How does ES perform if the query does boolean operation on nested types


(Deepak) #1

I would like to know, if there will be any difference in performance between these queries? Both queries brings up the same result.

  1. OR operation in a nested type between two fields.
    nested {
    path : "blah"
    should : {
    match : {"k1" : "v1"},
    match : {"k2" : "v2"}
    }

and

  1. OR operation between two nested type fields.
    should [{
    nested {
    "path" : "blah"
    match {
    "k1" : "v1"
    },
    {
    nested {
    "path" : "blah"
    match {
    "k2" : "v2"
    },
    }]

Lets say the query happens on millions of records.


(Mayya Sharipova) #2

You can use _valide API with an explain option to see what your queries translate into.

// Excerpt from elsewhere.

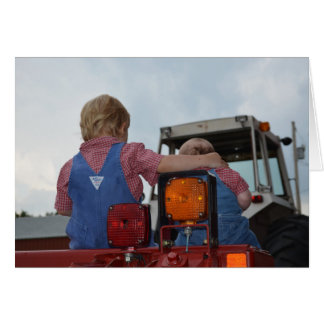 Landboeien met de trekker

GET my-index/my-type/_validate/query?explain=true

For the 1st query, I have got:

"explanation": "+ToParentBlockJoinQuery (my-path.k1:v1 my-path.k2:v2) 
#DocValuesFieldExistsQuery [field=_primary_term]"

For the 2nd query, I have got:

"explanation": "
+(ToParentBlockJoinQuery (my-path.k1:v1) ToParentBlockJoinQuery (my-path.k2:v2)) 
#DocValuesFieldExistsQuery [field=_primary_term]"

Then theoretically we can reason, if there is a big overlap between documents returned from match : {"k1" : "v1"} and match : {"k2" : "v2"}, then 1st query should execute faster.

For example, if:
match : {"k1" : "v1"} produces 10k docs
match : {"k2" : "v2"} produces 10k docs
should : { match : {"k1" : "v1"}, match : {"k2" : "v2"}} produces 15k docs

Then for the 1st query: ToParentBlockJoinQuery execute on 15k docs.
For the 2nd query: ToParentBlockJoinQuery execute on 10k docs for k1, then another ToParentBlockJoinQuery will execute on 10k docs for k2, which overall will be slower.

But this is all theoretical, and the best way to measure the difference performance is to run experiments and measure performance based on real data.


(Mikhail Khludnev) #3

Complexity is the same, the difference should insignificant.